* _What is expected_
Once the line holding "Jordan 4 Retro OG SP Undefeated (2025)" is found, output it and all remaining lines of the data exactly, with every picture left out.

[[ Available data open ]]

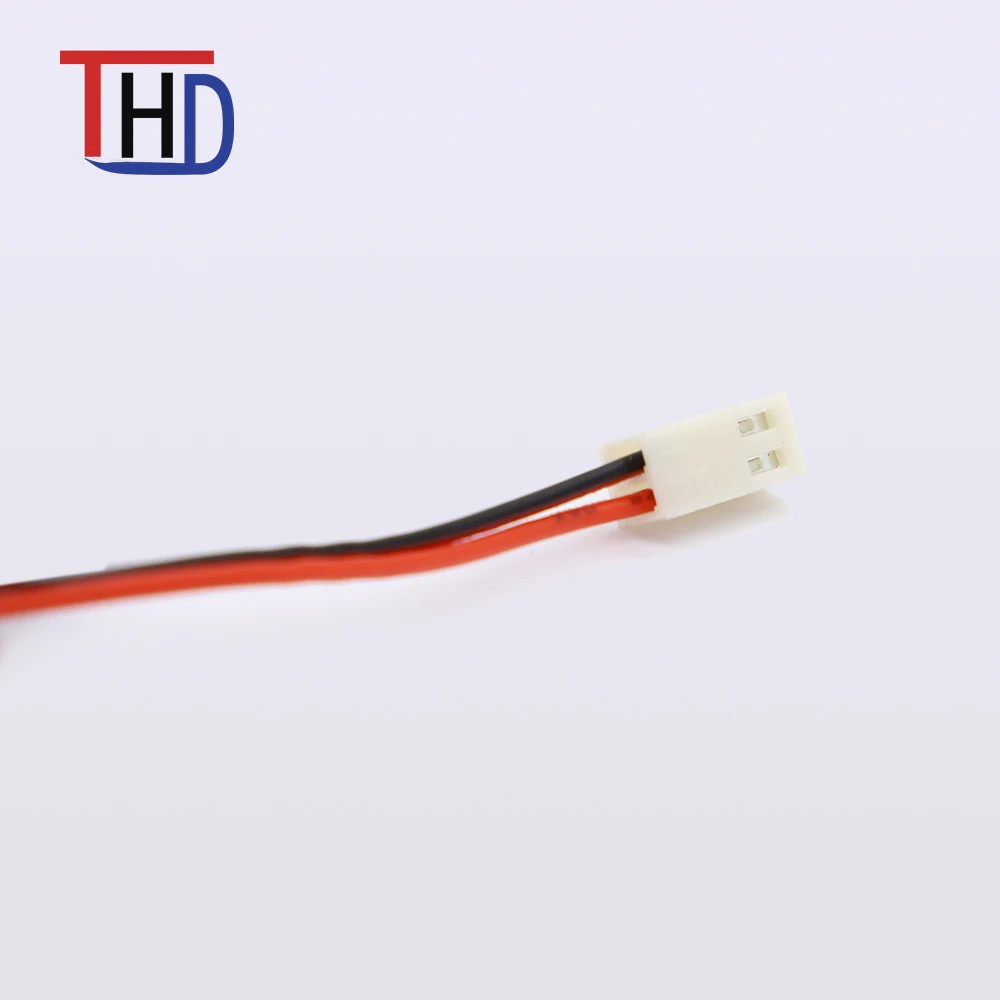 cable assembly with LED
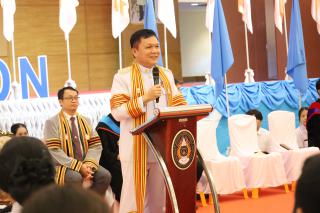 379. กิจกรรมปฐมนิเทศนศ.ปี1 ประจำปีการศึกษา 2567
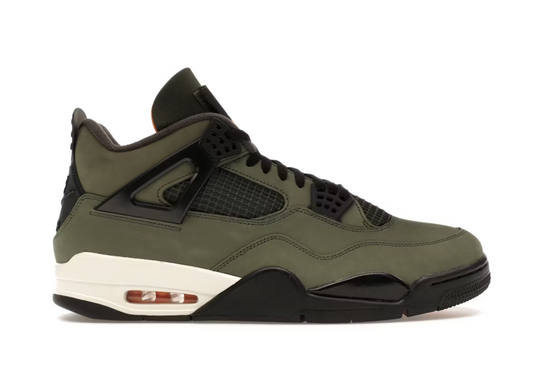 Jordan 4 Retro OG SP Undefeated (2025)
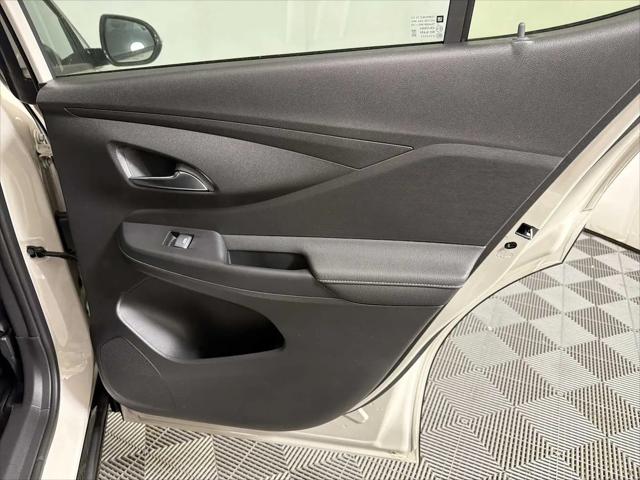 2026 Buick NV Sport Touring FWD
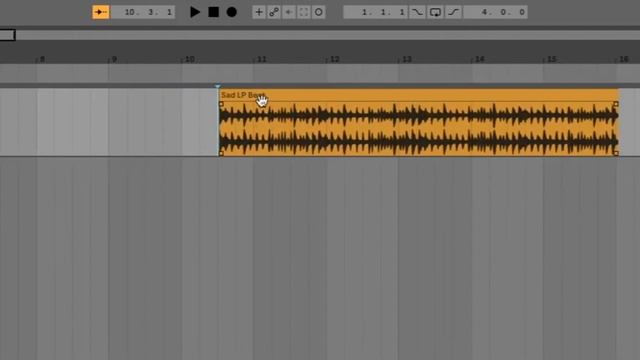 How to FIND BPM of a SONG or BEAT // Find TEMPO in Ableton Live Lite смотреть онлайн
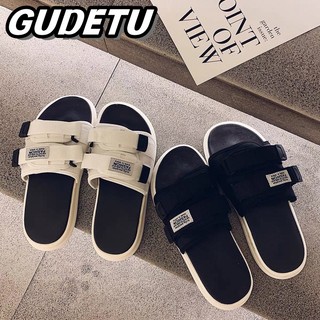 GUDETU  Giày Thể Thao Nam Thời Trang Năng Động Dép Quai Ngang Chống Trượt Thời Trang Hàn Quốc Cho Nam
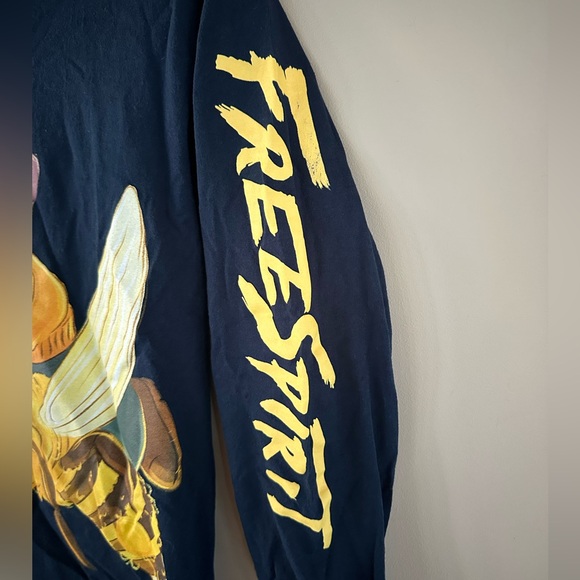 Khalid Free Spirit Concert Shirt - Picture 3 of 4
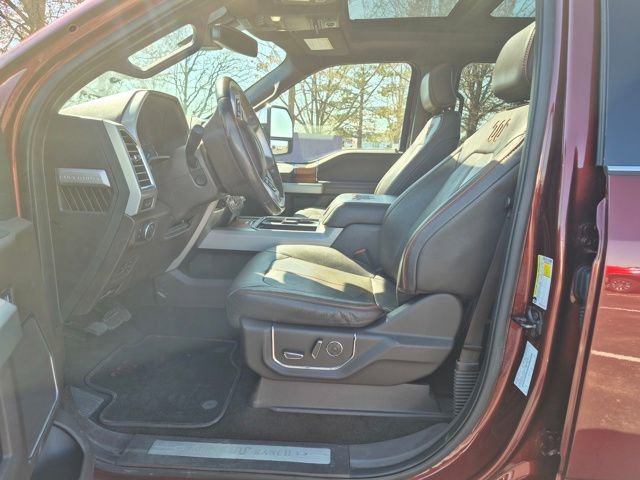 Used 2017 Ford F350 King Ranch w/ King Ranch Ultimate Package image 41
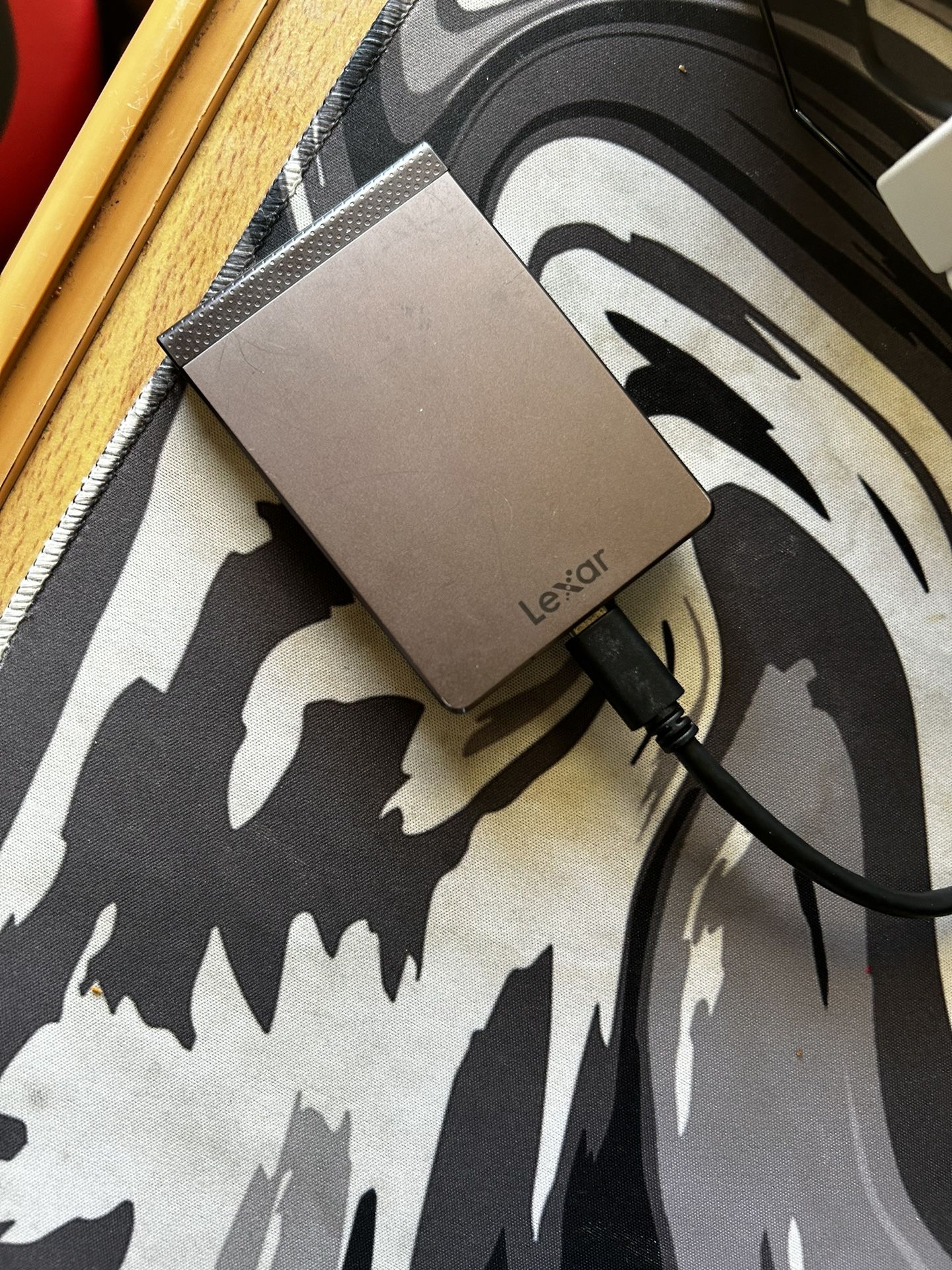 1 Terrabyte memory for playstation Lexar1TB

[[ Available data closed ]]

* _Task result_
 Jordan 4 Retro OG SP Undefeated (2025)
 2026 Buick NV Sport Touring FWD
 How to FIND BPM of a SONG or BEAT // Find TEMPO in Ableton Live Lite смотреть онлайн
 GUDETU  Giày Thể Thao Nam Thời Trang Năng Động Dép Quai Ngang Chống Trượt Thời Trang Hàn Quốc Cho Nam
 Khalid Free Spirit Concert Shirt - Picture 3 of 4
 Used 2017 Ford F350 King Ranch w/ King Ranch Ultimate Package image 41
 1 Terrabyte memory for playstation Lexar1TB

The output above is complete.